When Ladas started showing up in bg numbers here in Canada in the early 80's, many people, especially young folks with little money, could get a new one for under five grand.
A couple of years later, most of them would have a prominent place a the scrap yard. I don't think very many made it to the 90's. They were crap. Period.
Russian vodka, sure. Russian cars? Don't make me laugh.

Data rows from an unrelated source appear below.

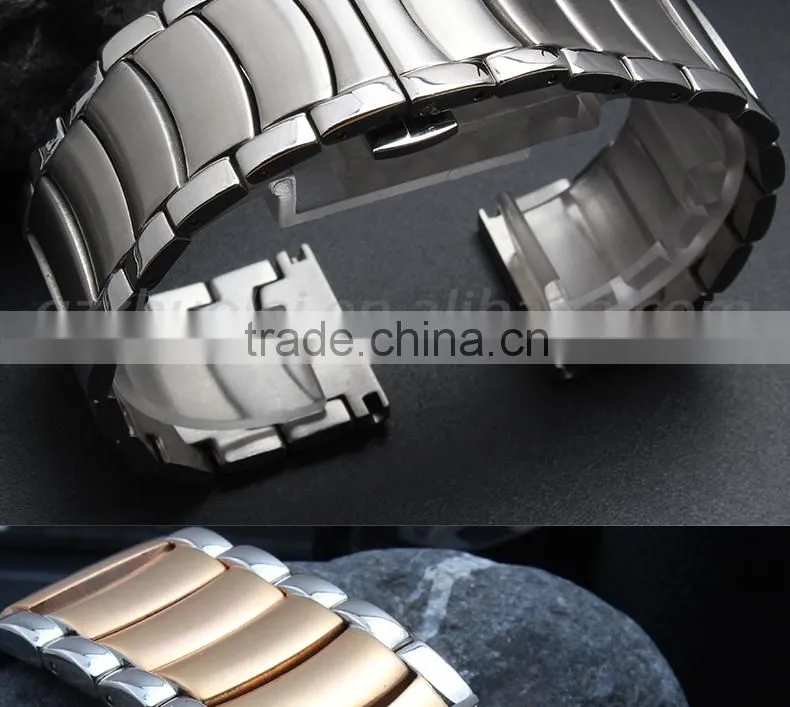 24mm high quality imported stainless steel watch bracelet for men's and women's Wholesale 3PCS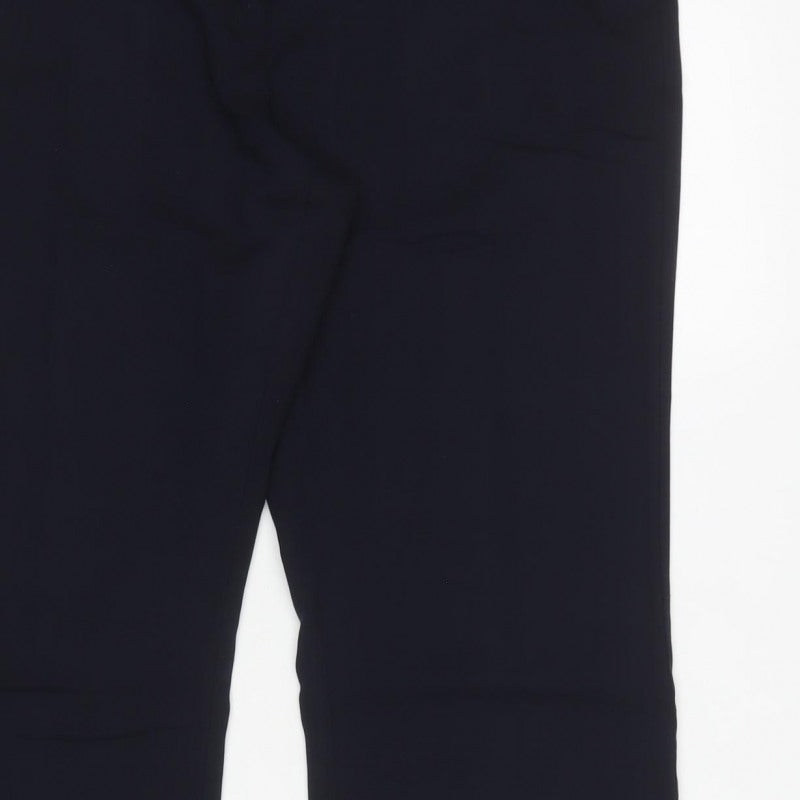 Next Women Blue Size 14XL Tailoring Bootcut Dress Trousers Workwear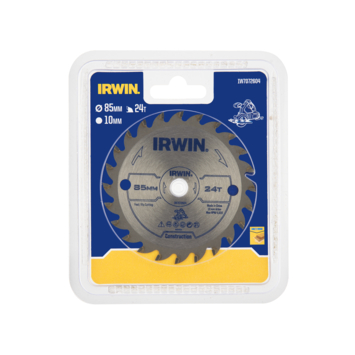 [IW7072604] IRWIN Cirkelzaagblad Ø85mm met Asgat 10mm  24T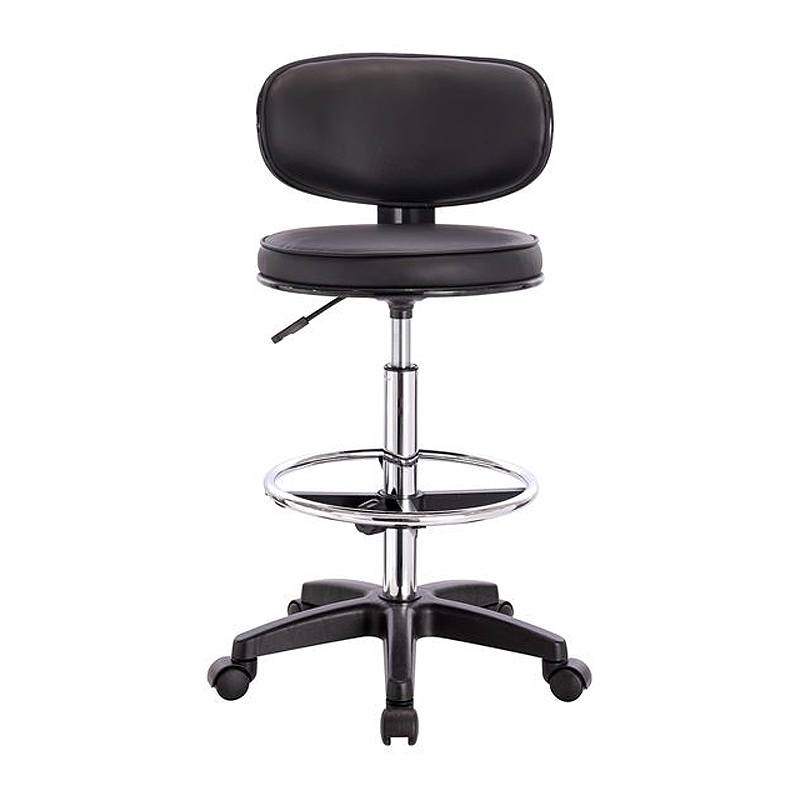 BF406 Reception-Cashier Bar Stool, Pu Black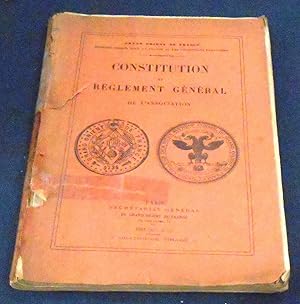 Constitution et Règlement Général de l'Association – Grand Orient de France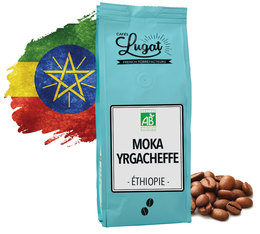 Cafés Lugat Moka Yrgacheffe Organic Coffee Beans from Ethiopia - 250g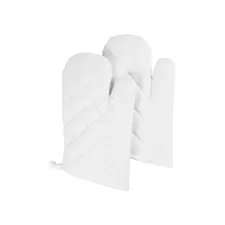 Creotime Ovenhandschoen Wit (pak 2 stuks)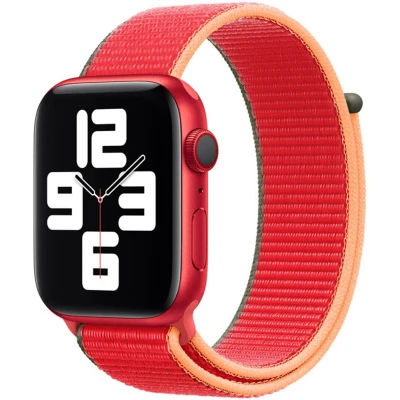 Abbildung von Apple Sport Loop Watch 42mm / 44mm 45mm 49mm (PRODUCT) Red 4th Gen MJG33ZM/A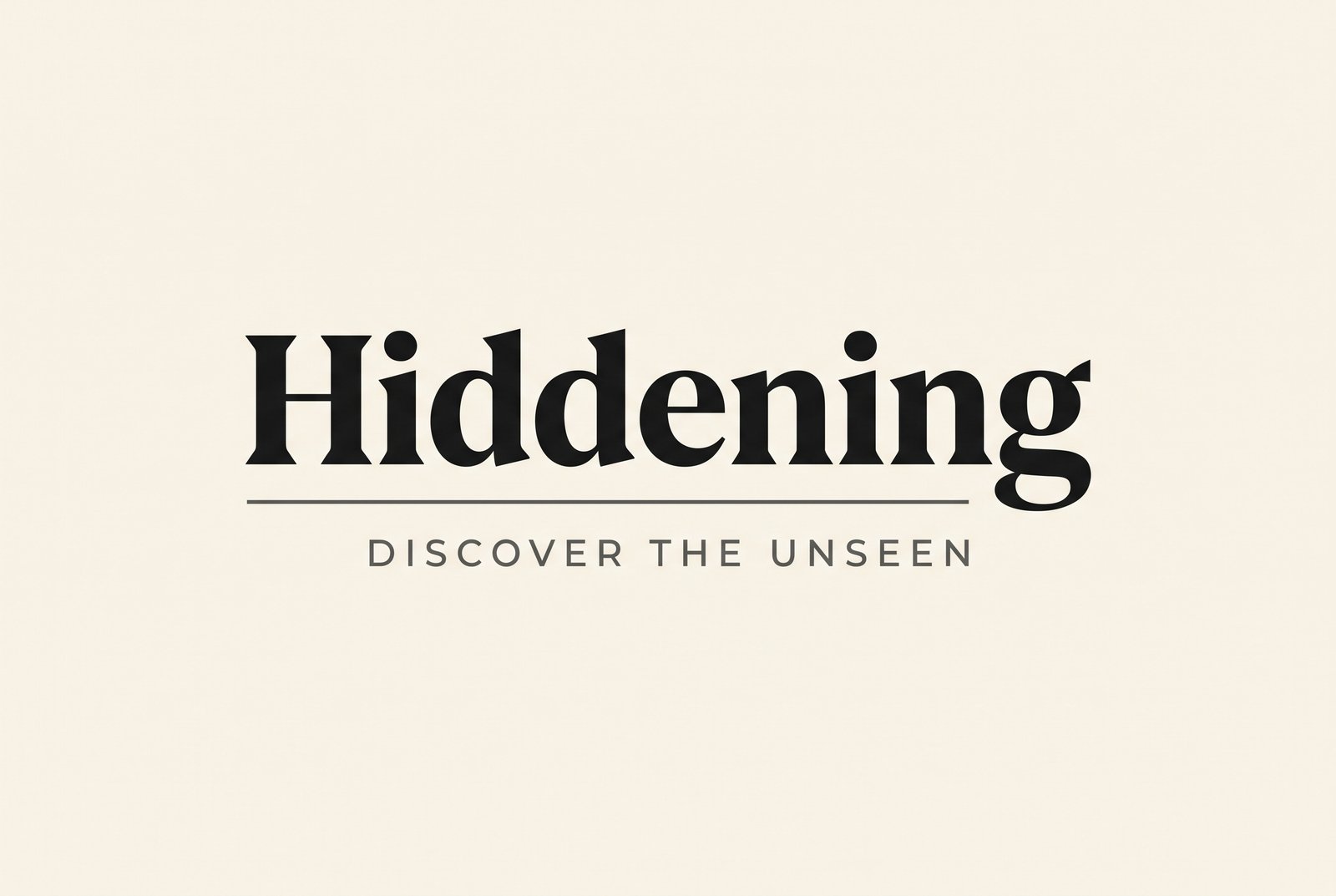 Hiddening — Discover the unseen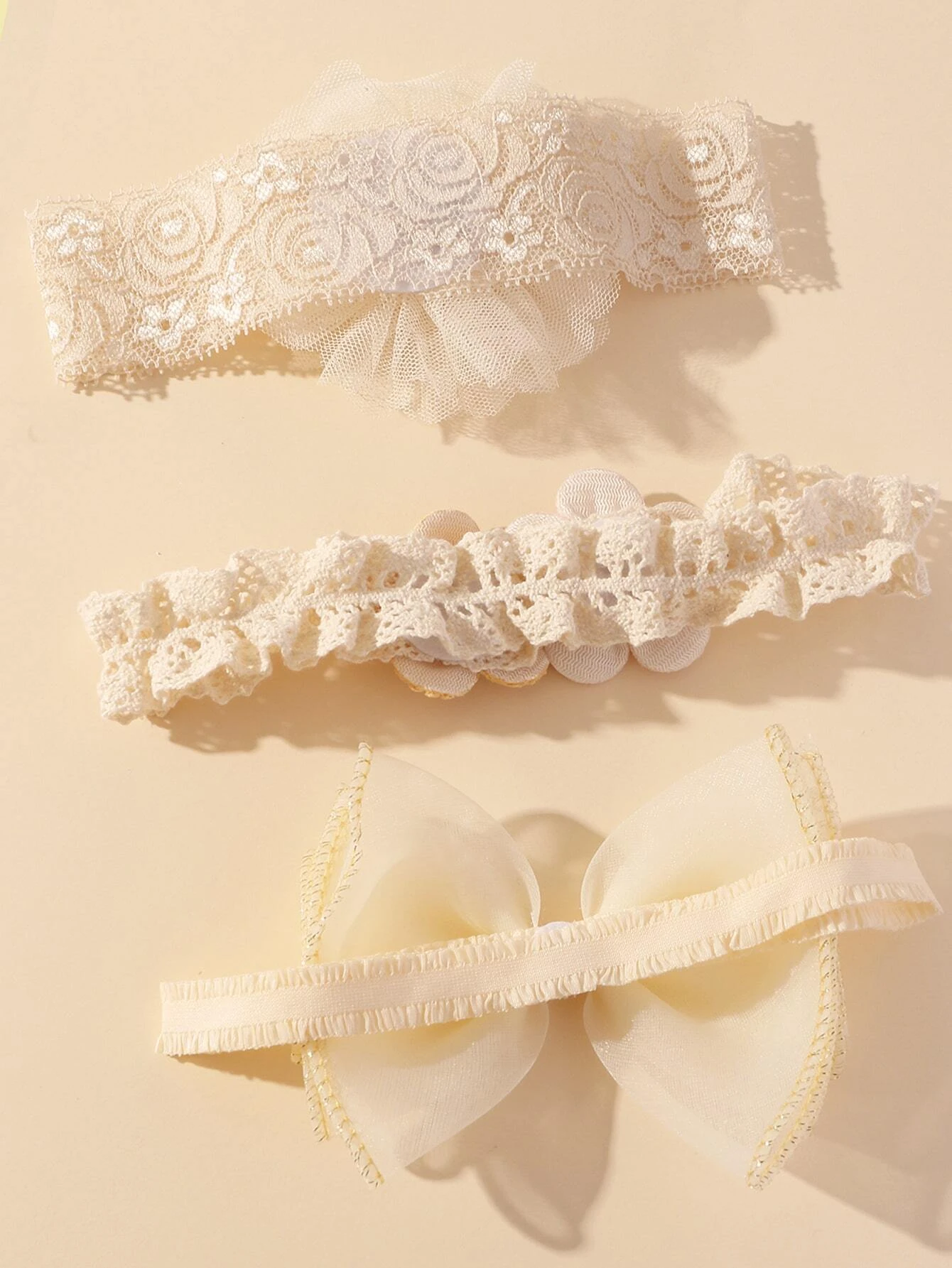 Conjunto Beige Chic Diademas para niñas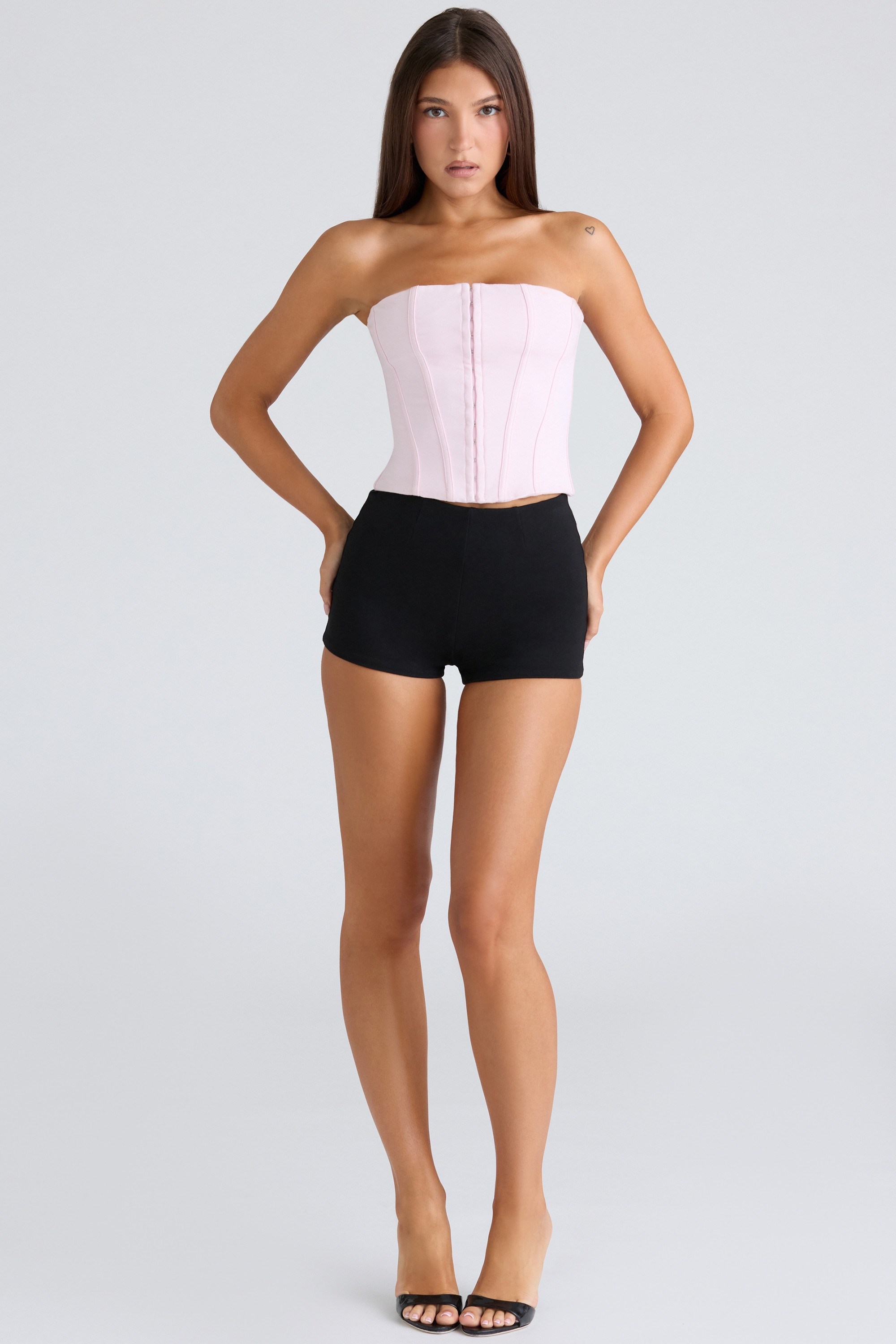 The Strapless  Pink Stretch Corset Top — image 3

Let's cut to the chase - these are the only three things the ruskies have worth impoting:
1 - vodka
2 - caviar (I don't like it, but they are the best)
3 - mail order brides

Everything else is like communism - failed

What no Yugo ?
Advanced Driver

Interesting to see the design differences between American and other countries cars. As America once was Free Spirt so were the models and designs of the cars. In more suppressed countries the design stays less dynamic. Still like the 50's American the best.
Advanced Driver

What a treat. Great article on a fascinating slice of the hobby.
I have two models of the Gaz 21, the first in the same colors as the photograph and a blue '70.
There is also a "Pobeda" model in the collection and of course a Trabant.
Love these. They're fascinating.
At car shows I will blast past all the exoticars, supercars, tri fives, supercharged and the customized to see cars like this.
Intermediate Driver

Ladas, so close but yet so far. When visiting family on Vancouver Island in Canada I remember seeing a dealer with a small utility vehicle, no sport at that time on his lot. I don't know how successful that venture was but if the Lada was cheap and dependable it should have been a hit. I am curious how many were sold in Canada.